> **Source data**
BEGIN

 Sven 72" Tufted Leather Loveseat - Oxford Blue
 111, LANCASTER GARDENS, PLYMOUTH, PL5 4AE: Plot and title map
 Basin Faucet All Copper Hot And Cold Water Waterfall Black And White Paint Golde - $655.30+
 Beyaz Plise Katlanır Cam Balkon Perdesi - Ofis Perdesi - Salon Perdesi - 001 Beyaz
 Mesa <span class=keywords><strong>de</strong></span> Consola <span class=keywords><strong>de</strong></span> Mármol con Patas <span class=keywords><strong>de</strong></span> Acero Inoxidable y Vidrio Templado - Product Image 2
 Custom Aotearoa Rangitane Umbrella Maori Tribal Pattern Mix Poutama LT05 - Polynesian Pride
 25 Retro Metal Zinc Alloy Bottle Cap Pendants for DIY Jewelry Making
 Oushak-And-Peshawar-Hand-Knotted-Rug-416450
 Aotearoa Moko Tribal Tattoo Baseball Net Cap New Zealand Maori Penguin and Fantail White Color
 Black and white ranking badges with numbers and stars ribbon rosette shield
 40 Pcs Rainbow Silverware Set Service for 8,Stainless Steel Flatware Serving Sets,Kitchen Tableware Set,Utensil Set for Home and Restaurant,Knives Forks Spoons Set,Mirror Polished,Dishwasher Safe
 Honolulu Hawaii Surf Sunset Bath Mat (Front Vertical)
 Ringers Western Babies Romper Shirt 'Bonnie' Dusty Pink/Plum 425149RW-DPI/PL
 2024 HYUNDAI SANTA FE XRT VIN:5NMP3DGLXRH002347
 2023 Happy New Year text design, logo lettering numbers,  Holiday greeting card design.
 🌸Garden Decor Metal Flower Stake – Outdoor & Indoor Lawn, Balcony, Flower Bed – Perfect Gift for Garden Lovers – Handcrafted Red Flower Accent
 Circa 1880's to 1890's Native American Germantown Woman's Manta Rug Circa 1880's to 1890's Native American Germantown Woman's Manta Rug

END

Find every line above that includes the word "Tribal", then state how many there are and nothing more.

2